Symoon wrote: ↑
Sun Mar 03, 2019 12:12 am
NekoNoNiaow wrote: ↑
Sat Mar 02, 2019 11:39 pm
For every empty entry in the dictionary
Aaaah, this is the key that I missed! I kept willing to have the right order before assigning to the dictionary... Sorry it took so long to understand, I feel stupid
It all makes sense now, thanks a lot
I'll give it a try
Ahem, the fault does not lie with you, the reason is probably that I did not explain myself very well the first time.
However, I am very ashamed
to admit that unfortunately I was wrong in saying this is optimal.
After writing my last post, I decided to illustrate visually how that method was optimal and in the process I actually demonstrated to myself that this was incorrect.
An important point though, is that the method, although not optimal, is probably overall close to optimal as the data below will show. A combinatorial approach would work better (although it could be prohibitively expensive) but maybe an intermediate approach between the two would work well enough. (I will explain that more in detail below.)
Now to the test data: I generated some random stats corresponding to a file to compress, selecting a few compression candidates and decided some arbitrary encoding values for the dictionary entries and graphed visually the gain obtained by each candidate for each entry.
Here is the data itself, all gain values were computed using the formula given in previous posts:
The corresponding Google spreadsheet with the data and graph is available there for those who want to verify my computations.
https://docs.google.com/spreadsheets/d/ ... sp=sharing
Since the gain numbers are difficult to interpret, I graphed the gains for each candidate for every entry of the dictionary.
Each line in the graph below correspond to the gains of a given candidate and logically, they all decrease as the entries in the dictionary increase in encoded size.
As you can see, the data proves me absolutely wrong
: for several dictionary entries, there are cases where inverting the choices given by my method is the most optimal choice.
You will notice however that in most cases, there is not much difference between the choice suggested by my method and the inverted choice so the method globally is not too bad, but it is certainly not optimal.
This said, most of the lines of the graph decrease almost in parallel which generally means that my method kinda works well, however it is when they cross or are very close to one another that my method makes the wrong choice.
What to do then?
What I would recommend would be to mix my method with just one level of combinatorial exploration. The data seems to suggest that inversions usually concern only crossing or very close lines and these do not seem to involve more than two points (at least in my sample) so that may be enough.
Obviously more real-life testing would be needed to compare that with other methods you experimented with so far.
Here is what the algorithm could look like:
1 - For each candidate, compute their gain for the current empty dictionary entry, write down the candidate with the biggest gain and the candidate with the second best gain (respectively called entry1_c1 and entry1_c2).

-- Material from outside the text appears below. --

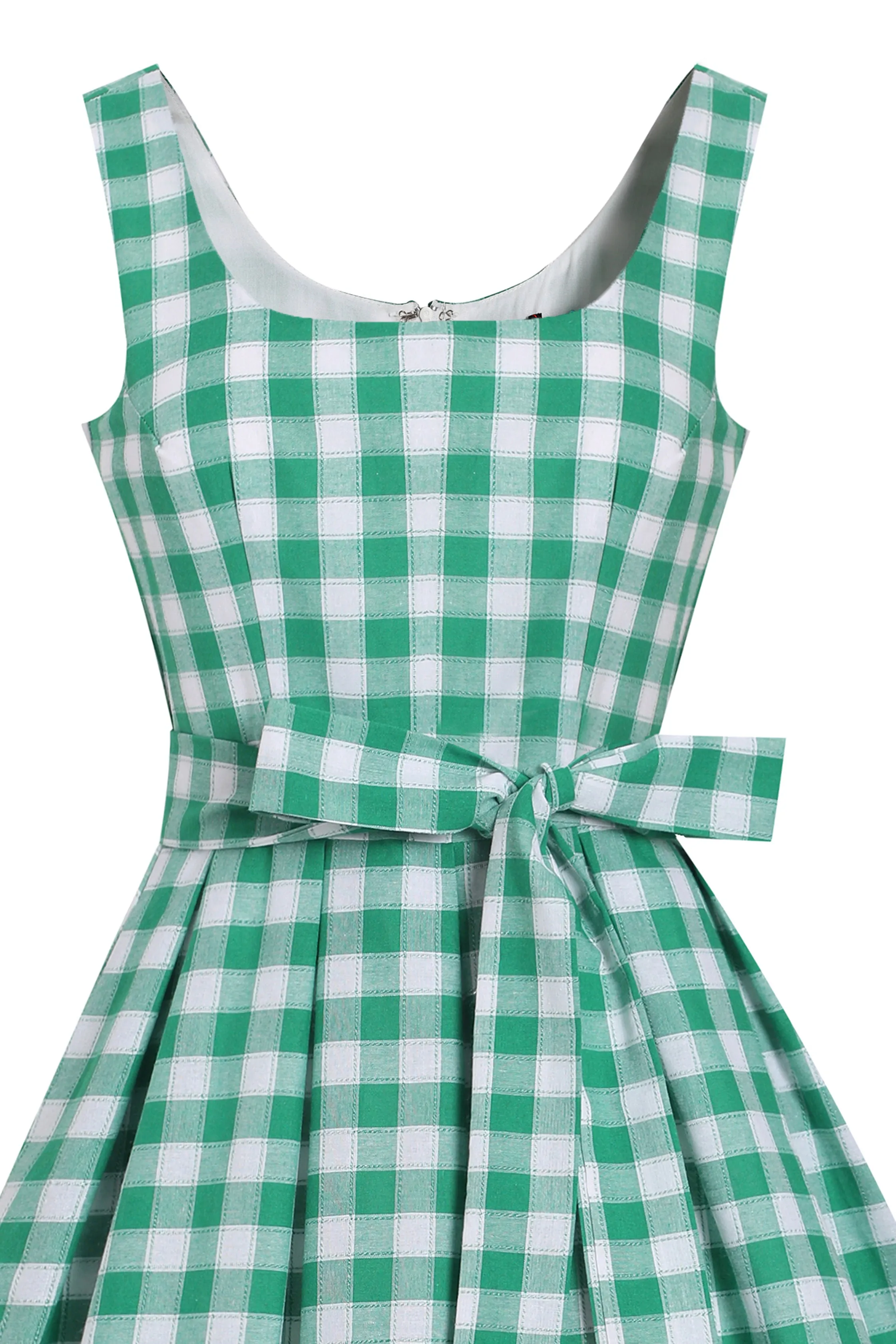 Amanda Green & White Check Swing Dress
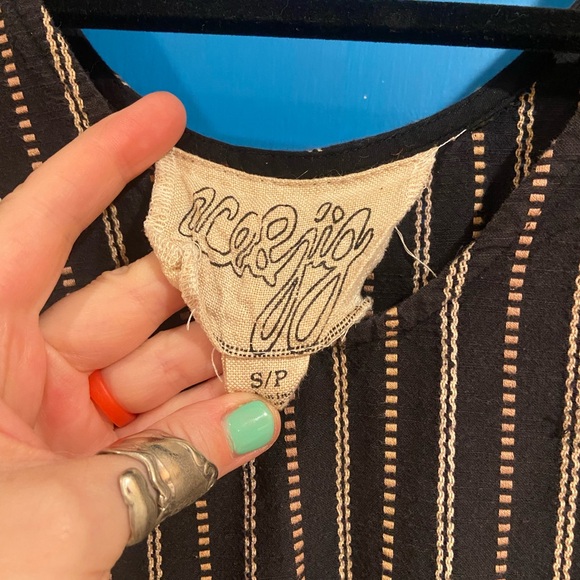 Ace & Jig Black and Tan Striped Midi Dress - Picture 2 of 5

2 - For each candidate, compute their gains for the next
empty dictionary entry, once again write down the gains of the best two candidates (respectively entry2_c1 and entry2_c2).
3 - Compute which of the choices is the best by computing the gain over the two entries:
Code: Select all
normal_gain_over_two_entries = entry1_c1 + entry2_c2
inverted_gain_over_two_entries = entry1_c2 + entry2_c1
4 - If normal_gain_over_two_entries > inverted_gain_over_two_entries, then simply select the best candidate in this round, otherwise, select the second best candidate instead.
5 - repeat for the next dictionary entry.
Here you go.
I must apologize again for insisting that my method was optimal when the data proves me completely wrong. I am not sure why I (wrongly) remembered that this greedy algorithm (Wikipedia)
was optimal but clearly this memory of mine was completely false.
So, sorry for that again, I will be more careful from now on.